↓↓↓

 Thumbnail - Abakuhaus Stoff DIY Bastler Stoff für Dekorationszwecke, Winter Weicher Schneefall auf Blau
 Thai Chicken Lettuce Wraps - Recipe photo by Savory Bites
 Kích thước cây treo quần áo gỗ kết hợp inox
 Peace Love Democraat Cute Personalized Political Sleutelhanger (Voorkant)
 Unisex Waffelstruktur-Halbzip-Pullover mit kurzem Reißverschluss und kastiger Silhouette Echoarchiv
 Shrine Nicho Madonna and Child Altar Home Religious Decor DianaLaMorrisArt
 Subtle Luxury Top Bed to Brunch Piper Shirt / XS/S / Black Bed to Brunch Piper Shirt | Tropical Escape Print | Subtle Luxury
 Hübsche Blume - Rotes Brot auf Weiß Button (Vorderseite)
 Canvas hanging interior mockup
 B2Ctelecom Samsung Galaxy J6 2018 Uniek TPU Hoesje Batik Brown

↑↑↑

### [TASK BRIEF]
Restate precisely, and with nothing added, the lines from the one with "Canvas hanging interior mockup" through the final line of the material.

### [RESULT OF THIS EXERCISE]
 Canvas hanging interior mockup
 B2Ctelecom Samsung Galaxy J6 2018 Uniek TPU Hoesje Batik Brown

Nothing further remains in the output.